The American Community Survey is a huge sample survey that addresses many aspects of American communities. The data in http://ritsokiguess.site/datafiles/acs4.txt, in aligned columns, contain estimates of the total housed population (that own or rent a place to live), the total number of renters, and the median rent, in two US states. The column called error contains standard errors of the estimates (obtained using methods like the ones in STAC53). The states are identified by name and number, the latter in the column geoid.

  1. Read in and display the data.
  1. Create columns containing the values in estimate for each of the three items in variable. (That is to say, you should get three new columns; the names of those new columns are the items in variable.) This first attempt will probably give you six rows and some missing values (we discuss why in the next part).
  1. Explain briefly why your output in the previous part came out as it did.
  1. Using techniques learned in this course and your insight from the previous part, arrange the data to have three columns of estimate values whose names are the three items in variable, and only two rows, one for each state.

The boiling point of water

The boiling point of water is commonly known to be 100 degrees C (212 degrees F).
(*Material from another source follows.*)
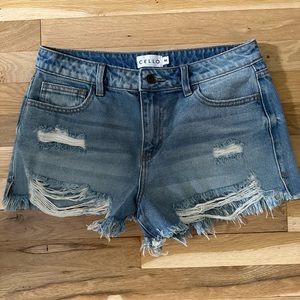 Cello Denim Shorts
But the actual boiling point of water depends on atmospheric pressure; when the pressure is lower, the boiling point is also lower. For example, at higher altitudes, the atmospheric pressure is lower because the air is thinner, so that in Denver, Colorado, which is 1600 metres above sea level, water boils at around 95 degrees C. Source.

Some data were collected on the atmospheric pressure at seventeen locations (pressure in the data file, in inches of mercury) and the boiling temperature of water at those locations (boiling, in degrees F). This is (evidently) American data. The data are in http://ritsokiguess.site/datafiles/boiling-point.csv. Our aim is to predict boiling point from atmospheric pressure.

  1. Read in and display (some of) the data.
  1. Draw a suitable plot of these data.
  1. Comment briefly on your plot and any observations that appear not to belong to the pattern shown by the rest of the observations.
  1. Fit a suitable linear regression, and display the results. (Do this even if you think this is not appropriate.)
  1. Comment briefly on whether the slope makes sense, and on the overall fit of the model.
  1. Make two suitable plots than can be used to assess the appropriateness of this regression.
  1. When you looked at your scatterplot, you may have identified some observations that did not follow the pattern of the others. Describe briefly how these observations show up on the two plots you just drew.
  1. It turns out that the two observations with the lowest pressure are errors. Create a new dataframe with these observations removed, and repeat the regression. (You do not need to make the residual plots.)
  1. Compare the slope and the R-squared from this regression with the values you got in the first regression. Why is it sensible that the values differ in the way they do?